(Ludum Linguarum is an open source project that I recently started, and whose creation I’ve been documenting in a series of posts. Its purpose is to let you pull localized content from games, and make flash cards for learning another language. It can be found on GitHub.)
When I started this project, I figured that support for individual games would fall into one of a small set of categories:
- Low effort, where the strings are either in a simple text file or some sort of well-structured file format like XML, where many good tools already exist to pull it apart.
- Cases where the file formats, while bespoke, are well documented, and where there may be tools and code that already exist to parse the file formats.
- The really hard cases – ones where there isn’t a lot of (or any) extant information about how the game stores its resources, and extracting strings and metadata about them is more of a reverse-engineering exercise than anything else.
In this post, I’ll talk very quickly about a few really simple examples of games that I was able to knock out very quickly: King of Fighters ‘98, King of Fighters 2002, Magical Drop V, and Skulls of the Shogun.
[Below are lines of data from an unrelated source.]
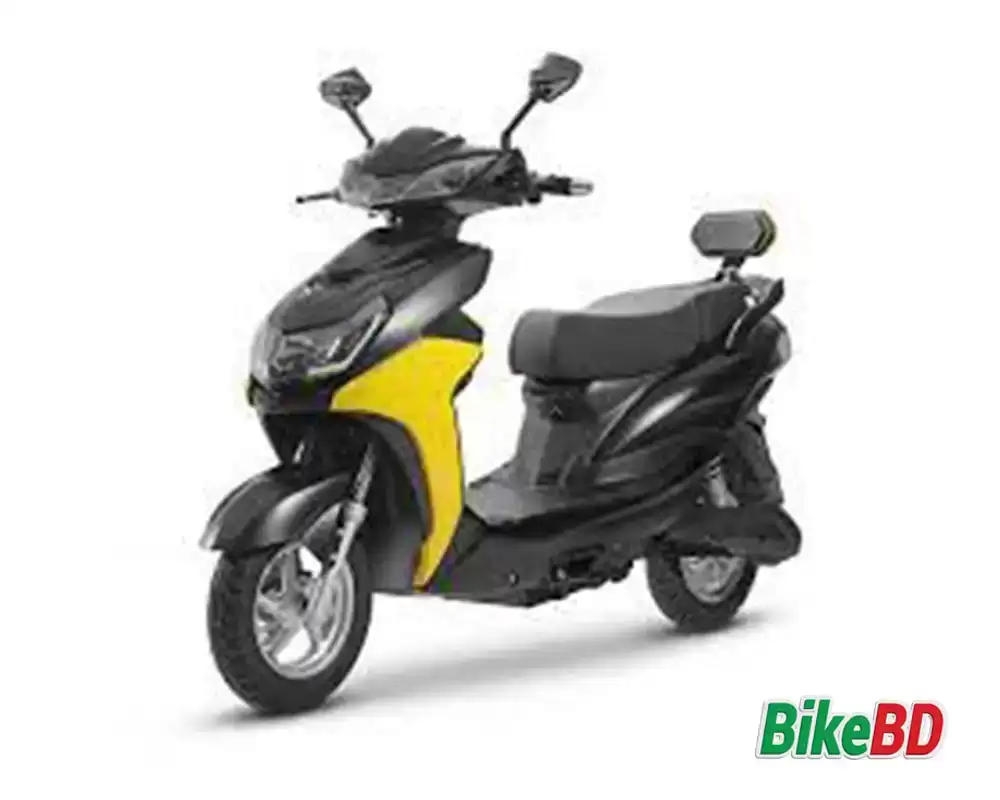 Odysse-Electric-E2Go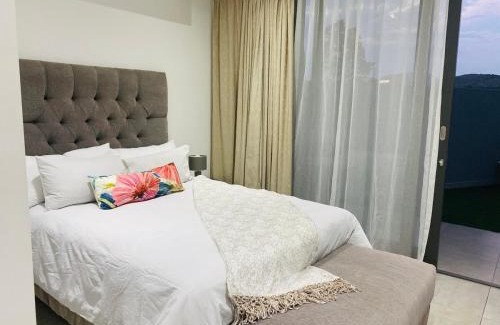 Bedfordview Apartment | Simply Convenient Stays - Bedfordview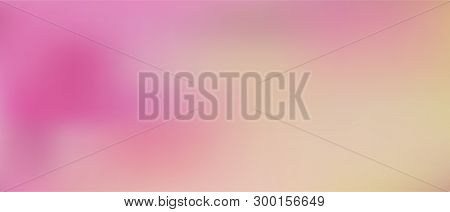 Background Mesh Cover.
King of Fighters ‘98 and King of Fighters 2002
While I was working on this project, I started on some of the other supported games first. But then, I decided to take a little break, and see if there were any games out there that would be really trivial to support. I just started browsing through my Steam library, and realized that fighting games were probably a good candidate – they contain limited amounts of text, but were definitely globalized.
Both of these games use the Xbox 360 XDK’s XUI library formats to present their UI. (I determined this by the presence of some files and directories with “xui” in their name.) All of the strings in the game are inside a file conveniently named strings.txt inside the data directory.
This is a tab-delimited format with just four columns – a key for the string, a “category” comment field, and then columns for each supported language – “en” for English, and “jp” for Japan. (It’s interesting that the country code rather than the language code was used for Japan – I’m not sure if that was an unintentional mistake.)
In this case, it’s super simple to extract all of the strings, because of the simple formatting, and the one place that I need to look to find them all. I simply read in the file, and directly map the key column to the per-language text for each card.
(It’s worth noting that King of Fighters XIII doesn’t use the same format or engine, so I wasn’t able to just add support for it using the same code.)
Magical Drop V
Adding support for Magical Drop V just involved reading some XML files within its localization subdirectory, and massaging them slightly to remove invalid and undesirable text. For example, ampersands were not escaped in the XML files, which caused the .NET framework’s XML parser to complain. I also stripped out some obvious placeholder values (“<string placeholder>”).
Overall, it was really quite simple to add support for this game, with the game-specific code only running to about 50 lines.
Skulls of the Shogun
Skulls of the Shogun is a game built on XNA and MonoGame, and actually uses the .NET framework’s globalization support to localize its strings. Thus, I was able to use the framework’s support for loading satellite assemblies to pull out both the string keys used to refer to the strings, as well as the content itself, quite easily.
I actually spent more time determining that I had to load the assemblies using the reflection-only context, in order to keep my library and console application bit-length-independent, than writing the rest of the code to support this game!